## Goal of the exercise:
Drop every picture, then print the rest of the listing exactly as given.

## Source data:
=== Begin Enclosure ===
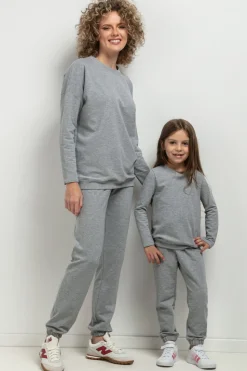 Prosta bluza ze stójką dla dziewczynki - jasnoszara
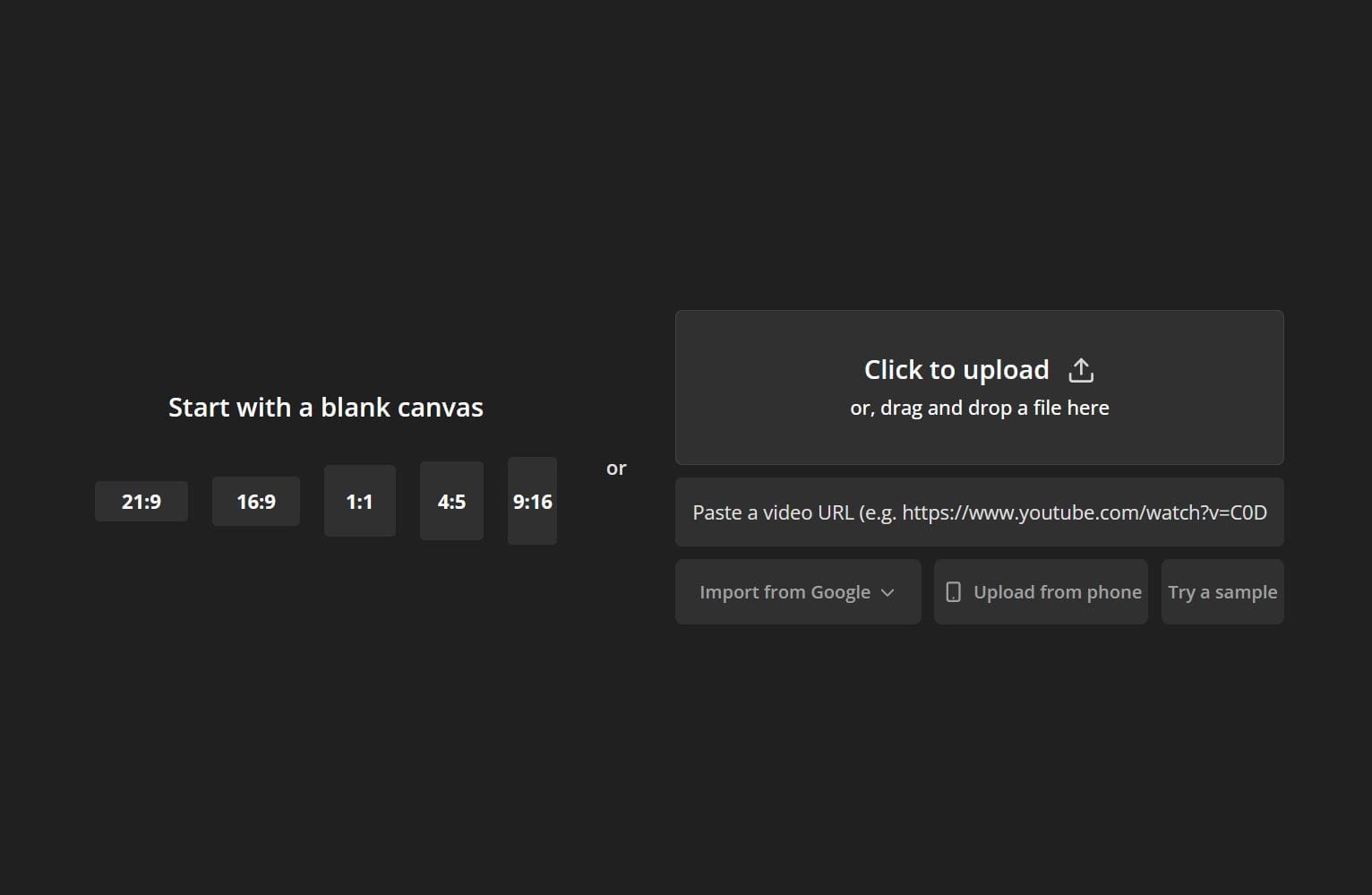 Kapwing media upload screen. 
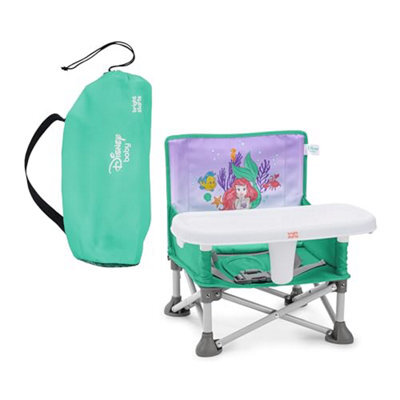 Bright Starts Disney Princess Ariel Pop N Sit Portable Booster, Indoor / Outdoor Use, Floor Seat With Feeding Tray, 6 Mos - 3 Yrs
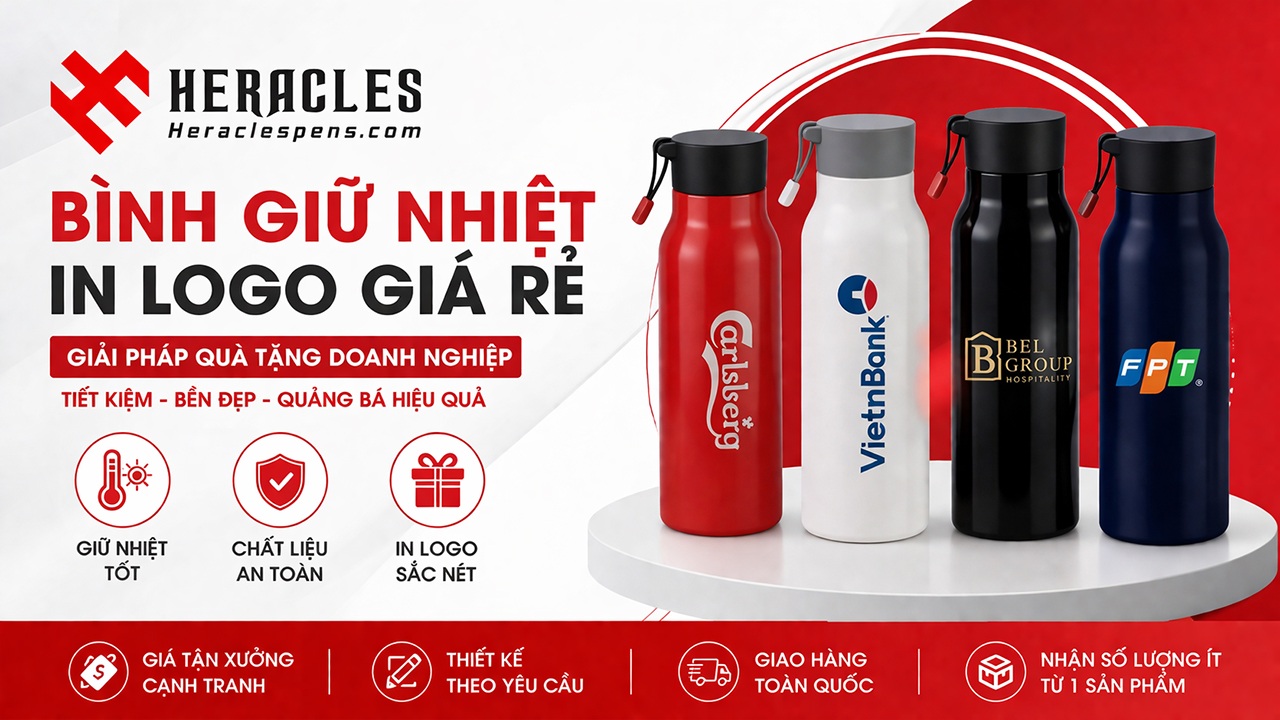 Làm bình giữ nhiệt giá rẻ theo yêu cầu là xu hướng quà tặng hiện đại giúp tạo dấu ấn riêng biệt, tăng giá trị nhận diện thương hiệu cho mọi tổ chức và cá nhân hiện nay.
=== End Enclosure ===
## Solution to this task:
 Prosta bluza ze stójką dla dziewczynki - jasnoszara
 Kapwing media upload screen. 
 Bright Starts Disney Princess Ariel Pop N Sit Portable Booster, Indoor / Outdoor Use, Floor Seat With Feeding Tray, 6 Mos - 3 Yrs
 Làm bình giữ nhiệt giá rẻ theo yêu cầu là xu hướng quà tặng hiện đại giúp tạo dấu ấn riêng biệt, tăng giá trị nhận diện thương hiệu cho mọi tổ chức và cá nhân hiện nay.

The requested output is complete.